Even 3 and 3 is enough to tighten the pattern a lot.

3) Boundaries

Say whether it must match the whole string, or can appear inside text. Also mention word boundaries if needed, like “do not match inside longer words”.

Practical examples you can steal and modify

Example: validate a simple SKU (letters + digits)

Requirement: ABC-12345 or ABC12345, exactly 3 letters + 5 digits.

What to watch:

  • case sensitivity (do you allow lowercase?)
  • optional hyphen
  • exact length

Example: extract a blog slug from URLs

Requirement: match https://site.com/blog/my-post and /blog/my-post, capture my-post.

What to watch:

  • optional domain
  • avoid matching /blog/ with an empty slug
  • slug character rules (letters, digits, hyphen)

Example: parse logs without over matching

Requirement: capture HTTP status codes and paths from lines like: GET /pricing 200 123ms

What to watch:

  • avoid .* unless you really mean it
  • prefer “specific then flexible” instead of “flexible then specific”

Common regex mistakes (so you can avoid them on the first try)

  • Using .* too early, which makes the pattern overly permissive
  • Forgetting to escape special characters like . ? ( ) + |
  • Relying on \w when you actually need a tighter character set
  • Missing anchors in validation, leading to partial matches that “pass”
  • Not testing against negative examples, which is where false positives show up

Quick checklist before you use a regex in production

  • Did you choose the correct flavor for your language or tool?
  • Do you need search matching, or strict validation?
  • Are your character sets and lengths explicit?
  • Do you have at least a few “NO” examples that must fail?
  • If you are extracting, are your capture groups aligned to the data you want?

If you follow that checklist, regex stops feeling like guessing and starts feeling like a tool you can actually control.

Frequently Asked Questions

It creates a regular expression (regex) from your plain-English description.
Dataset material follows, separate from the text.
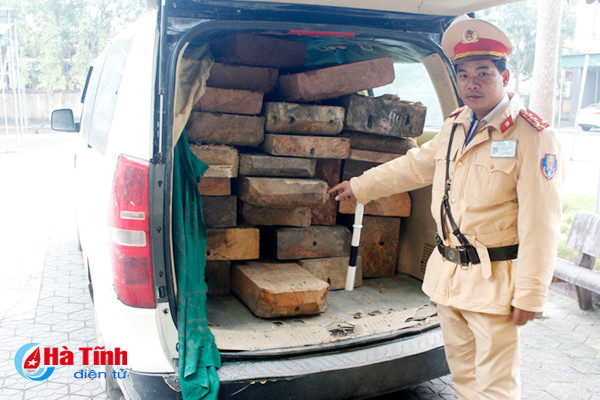 truy duoi gan 1km bat xe khach 12 cho chat day go lau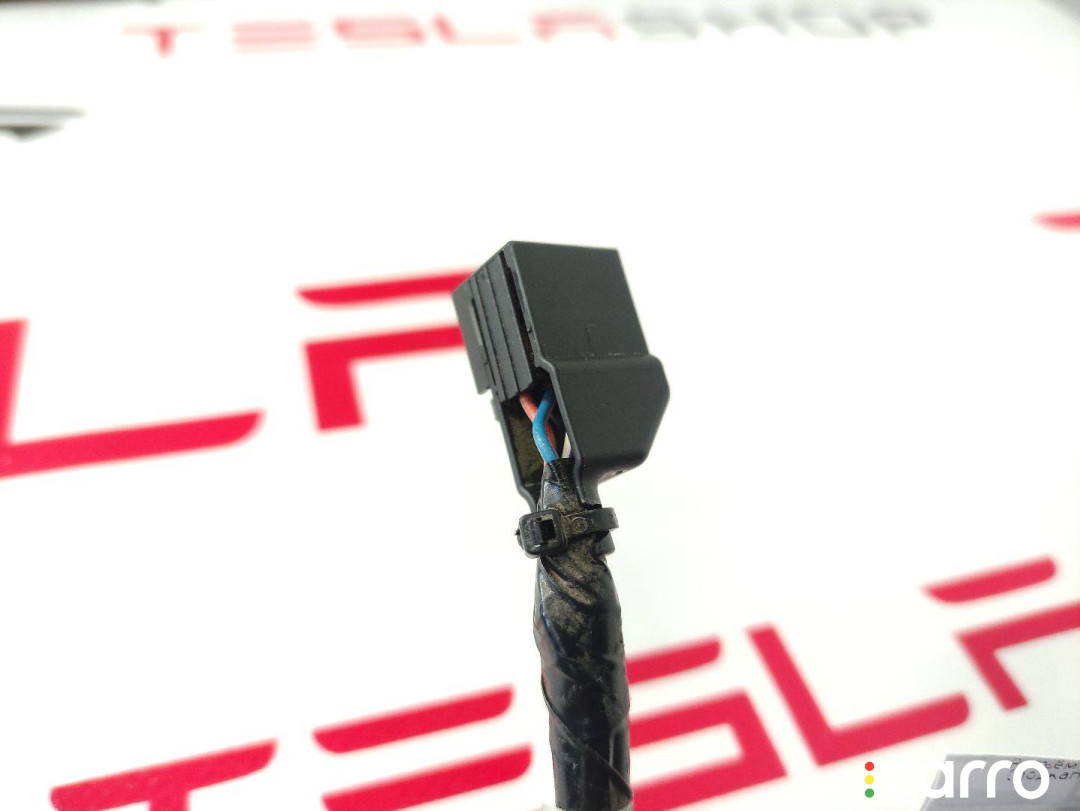 1031236-81-E разъем (фишка) проводки Tesla Model S - фото №2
You can choose a regex flavor (JavaScript, Python, PCRE, .NET, etc.), decide whether you need full-string validation or search matching, and optionally request capture groups for extraction.

Choose the language or tool you’ll run the regex in. JavaScript for web apps, Python for scripts, PCRE for many CLI tools, .NET for C# apps, Java for JVM projects, and Go for Go programs. Flavor matters because features like named groups and lookbehinds vary.

Yes. Select the “Validate full string (anchored ^...$)” option to generate an anchored regex suitable for form validation and strict input checks.

Yes. Enable capture groups to extract parts of a match (like area code, SKU prefix, date components, or URL segments). Choose numbered or named groups depending on the regex flavor.

Provide a few “should-not-match” examples and specify boundaries (start/end, separators, allowed characters, length limits). This helps the generator constrain the pattern and reduce false positives.

Yes. If you describe the desired transformation (and your regex flavor), it can generate a find pattern and a replacement template using capture groups (availability may depend on the selected mode).